A lot of straight people just don’t get it. The mere mention of a gay pride parade usually conjures up images of shirtless muscle boys in pink bikinis dancing away to Cher songs while simultaneously grabbing the asses of innocuous hetero-boy passersby.  Fears of greasy, leather-clad lesbians running over women pushing baby strollers also abound. While these hyperbolic stereotypes are slowly fading, even those more in-tune with reality have questions. “Why do gay people need their own parade?” is a question I’m frequently asked. Straight people deserve an answer.

It’s not so much about the parade as it is the principle. Gay people don’t live in a world where their sexual identities are affirmed on a regular basis in the same way that straight people’s sexualities are. Marriage and family are seen by society as a milestone in basic individual human development. Meanwhile, same-sex relationships are often discouraged at best and out-right berated at worst. Most people are assumed to be heterosexual. There’s no “coming out process” involved with admitting that you like a member of the opposite sex.  To have the audacity to say out loud that you dig your own kind, though, takes a certain amount of courage. While we make progress each day, there are still communities where it’s not ok to be gay. Gay bashing incidents are all too common.  There are still people in this city who harbor ignorance or out-right hatred toward homosexuals. It’s legal to get fired from your job in the state of Kansas for being gay. For those individuals brave enough to speak and live their own truth amidst adversity, I say a parade is in order!

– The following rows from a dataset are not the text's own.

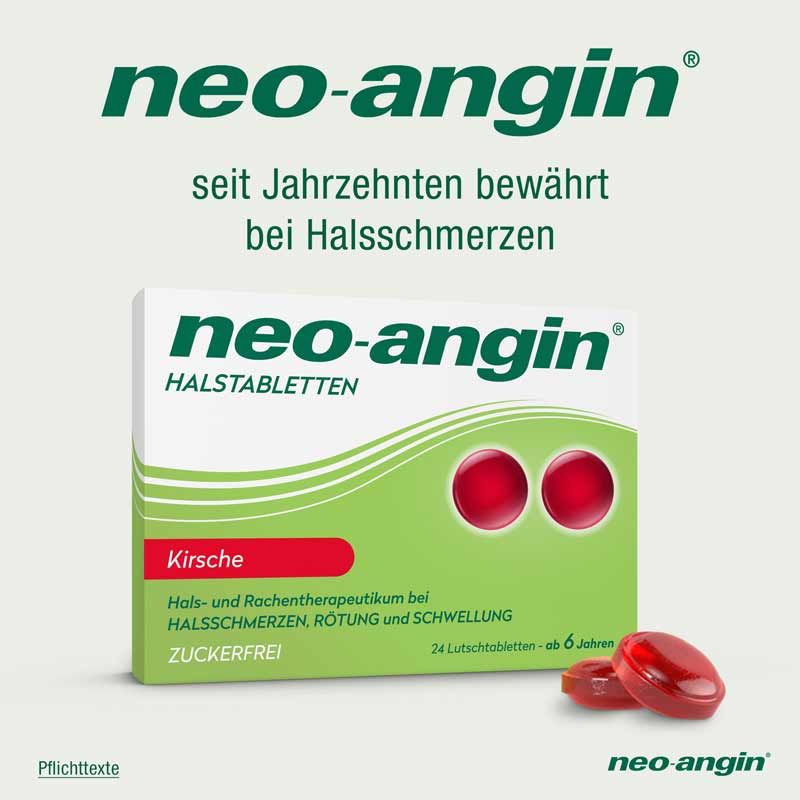 neo-angin HALSTABLETTEN Kirsche ZUCKERFREI 24 St Lutschtabletten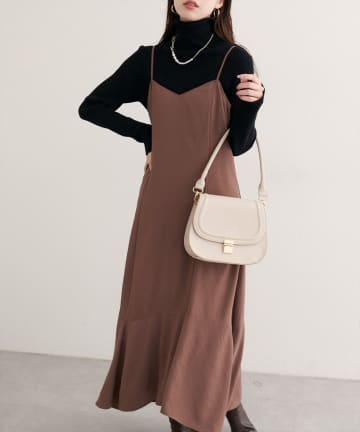 NICE CLAUP / OLIVE des OLIVE OUTLET(ナイスクラップ  / オリーブ デ オリーブ アウトレット) 【natural couture】アシメヘムキャミワンピース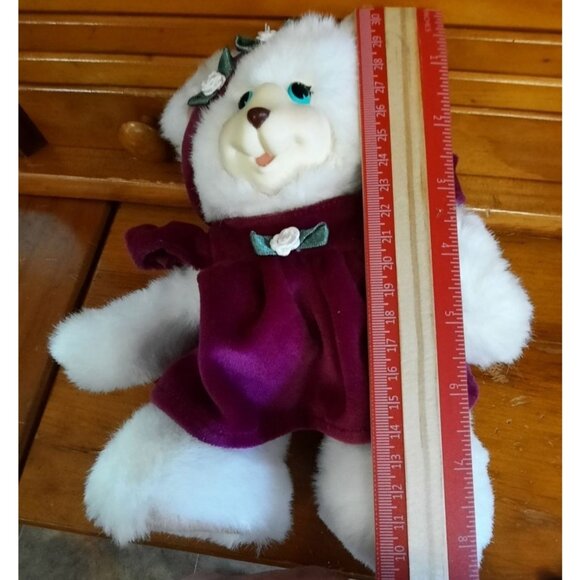 Vintage 1998 Fisher Price Stuffed Bear With Purple Dress with a flower - Picture 10 of 10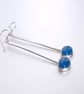 Eye catching long dangle blue onyx earrings
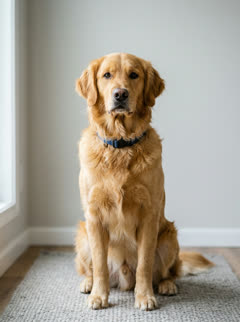 Photo of the one who turns: a golden retriever with a blue collar sits on a rug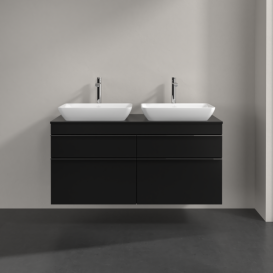 Тумба под раковину Villeroy & Boch Venticello 125,7х50,2 см МДФ черный матовый лак/ручка хром A94401PD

Pride really isn’t so much about a parade, though, as it is about a possibility. In Wichita, we’re on the cusp of social change. Our pride celebrations get bigger each year. It’s a testament to the generations before us who envisioned a life outside the closet as possible. I remember marching in the 2002 parade on Main Street and being accompanied by about 40 people. Last year, an estimated 1,200 people took part in the multi-day celebration in Nafsgar Park! This year promises to be even bigger! One exciting event being planned is a screening of the movie Milk at The Orpheum Theatre on June 22nd. I urge you all to come out and watch it. You’ll get a glimpse of what is POSSIBLE for Wichita. In the 1970s, gay San Franciscans united behind the optimistic Harvey Milk because they believed that their community could become relevant and contribute to the city’s development in a positive way. I believe the timing is ripe for the gay community in Wichita to follow suit. It is not outside the realm of possibility that we could elect one of our own to local public office within the next five years.  Doing so would send a much stronger message about what people with obstacles set before them can achieve than any parade ever could.

In the mean time, though, let’s not be shy to celebrate who we are! Let’s not forget, though, that sometimes we have to help our straight friends understand why this is important. We break down barriers by being honest with ourselves about who we are, and by not being ashamed to speak that truth to others. In doing this, we lay tracks for limitless possibilities.